Ha avuto quasi un carattere familiare la visita del Papa all’Ambasciata d’Italia presso la Santa Sede, una costante dei Papi da Pio XII. S’inserisce peraltro in un fitto scambio, che ha portato a diverse occasioni di incontro anche al massimo livello, con il presidente della Repubblica: una trama che avrà un momento significativo nel prossimo febbraio, nell’imminente 80° anniversario dei Patti Lateranensi e nel 25° degli accordi di modifica del Concordato.
«Intensi e particolari», infatti, sono i rapporti tra la Santa Sede e l’Italia, che s’intrecciano alle relazioni di «mutua collaborazione» tra Stato e Chiesa. In questo quadro assai positivo e per diversi aspetti «esemplare», s’inseriscono alcune annotazioni, emerse nei discorsi ufficiali.
Benedetto XVI ha voluto ricordare il senso della distinzione tra quel che è di Cesare e quel che è di Dio, uno dei fondamenti dello spazio pubblico, collegata anche con il principio della libertà religiosa. Questo rapporto di distinzione e di autonomia è infatti cruciale in ambedue gli aspetti del doppio movimento che sottende. Disegna uno spazio di libertà e, nello stesso tempo, di interazione dialettica. Emerge così la soggettività della Chiesa nel quadro pubblico e internazionale e il senso dei suoi pronunciamenti: «Perciò, richiamando il valore che hanno per la vita non solo privata ma anche e soprattutto pubblica alcuni fondamentali principi etici, di fatto la Chiesa contribuisce a garantire e promuovere la dignità della persona e il bene comune della società e, in questo senso, si realizza l’auspicata vera e propria cooperazione tra Stato e Chiesa».

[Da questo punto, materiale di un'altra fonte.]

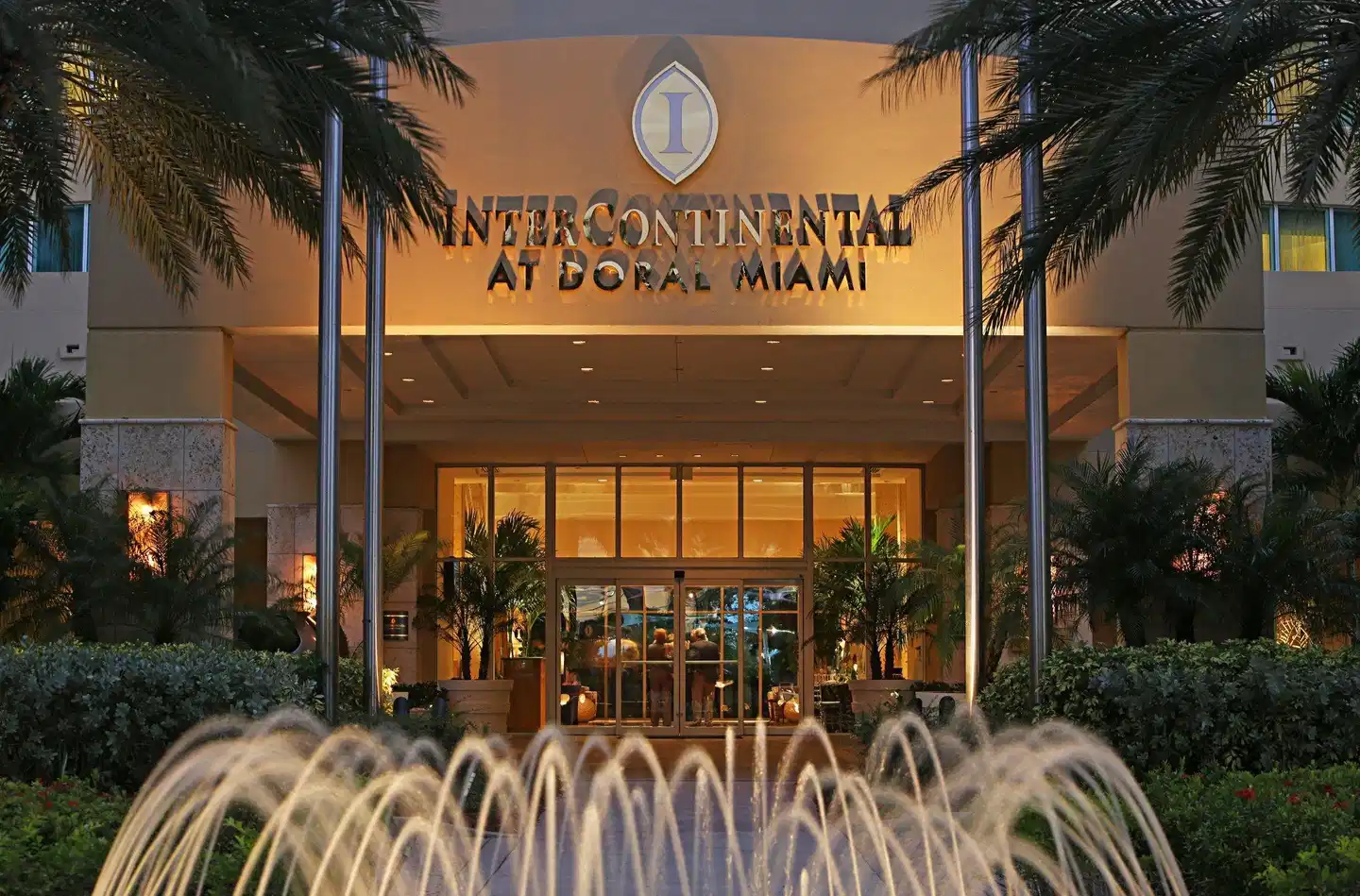 InterContinental at Doral Miami Lobby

Ha fatto eco a questo considerazioni l’intervento del ministro degli Esteri italiano, Franco Frattini, che ha ricordato «quel comune sentire che accomuna Italia e Santa Sede nella costante difesa dell’essere umano e della sua dignità in tutto il mondo». Ci sono qui le emergenze rappresentate dagli attacchi alle minoranze cristiane in India, come pure dalla costante emigrazione dei cristiani dalla Terra Santa e dal Medio Oriente. Più in profondità sono evocati i problemi dell’identità dell’Europa, dell’incontro delle culture e delle civiltà e dei diritti fondamentali.
Emerge a questo proposito uno degli elementi cruciali del messaggio di Benedetto XVI. Sui temi di fondo dell’identità dell’Occidente e del sistema dei diritti e doveri, con i connessi principi e valori non negoziabili, incalza il dibattito pubblico. Tanto più che quello che il Papa in diverse sedi ha definito un approccio relativista, dunque astratto, mostra tutti i suoi limiti, in quanto non è in grado di offrire risposte sostanziali ai bisogni, alle attese delle persone e dei popoli in questi anni di cambiamenti e di incertezze. Un argomentare pacato, quello del Papa e della Chiesa, «a partire da ciò che è conforme alla natura di ogni essere umano», con lo scopo «di risvegliare nella società le forze morali e spirituali, contribuendo ad aprire le volontà alle autentiche esigenze del bene».